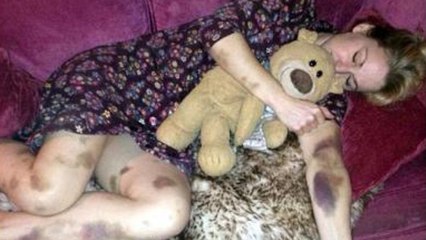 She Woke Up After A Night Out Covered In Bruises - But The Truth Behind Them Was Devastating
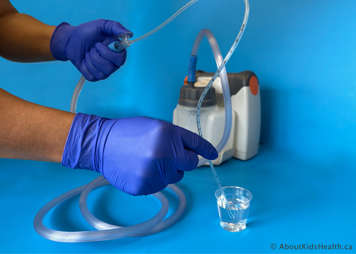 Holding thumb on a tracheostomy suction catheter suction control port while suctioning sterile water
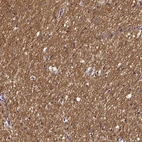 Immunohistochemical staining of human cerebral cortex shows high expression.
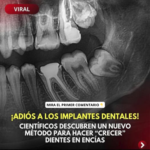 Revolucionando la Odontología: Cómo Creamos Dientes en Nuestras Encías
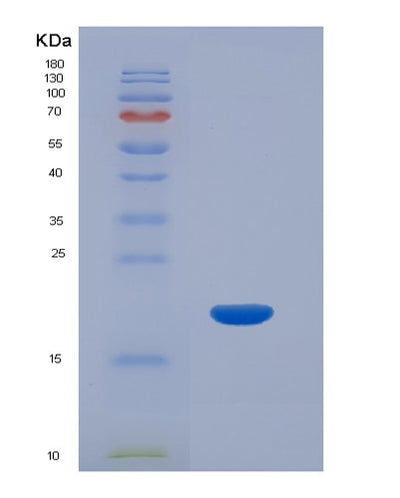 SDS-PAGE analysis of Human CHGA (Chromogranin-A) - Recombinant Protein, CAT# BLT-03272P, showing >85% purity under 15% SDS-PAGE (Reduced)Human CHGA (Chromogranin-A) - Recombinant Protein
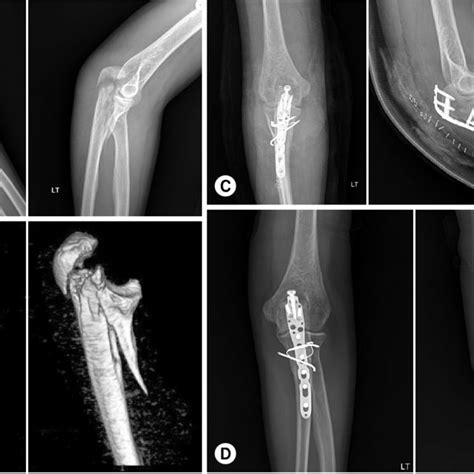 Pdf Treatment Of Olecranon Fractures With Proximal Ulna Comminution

######

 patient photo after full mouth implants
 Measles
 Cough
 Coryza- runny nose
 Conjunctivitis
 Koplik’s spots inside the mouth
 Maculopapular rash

######

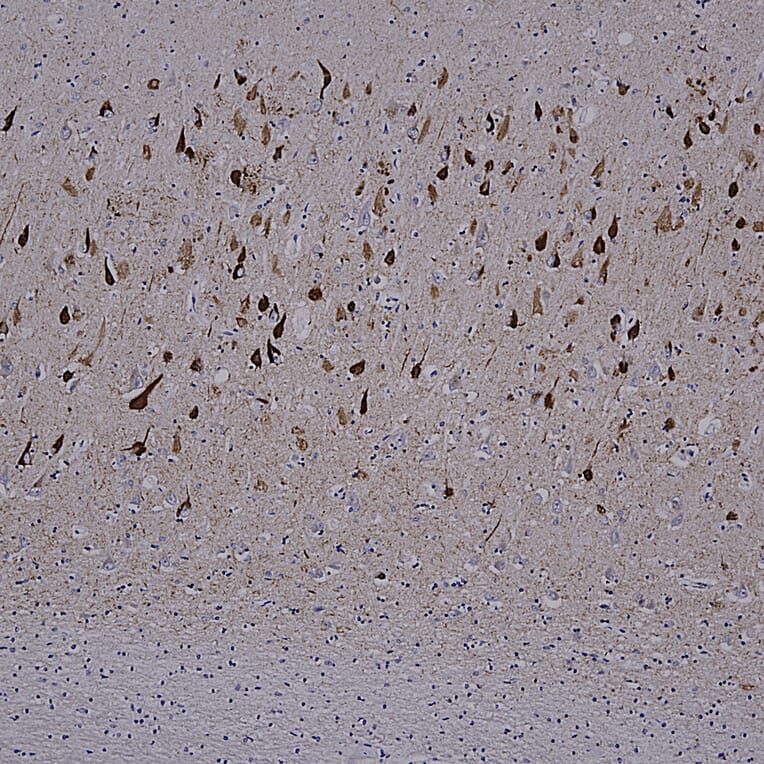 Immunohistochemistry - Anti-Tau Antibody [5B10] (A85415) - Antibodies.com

######

**Try it**
Read the entries above, then pull out the lines that include "mouth".

**Exercise result**
 patient photo after full mouth implants
 Koplik’s spots inside the mouth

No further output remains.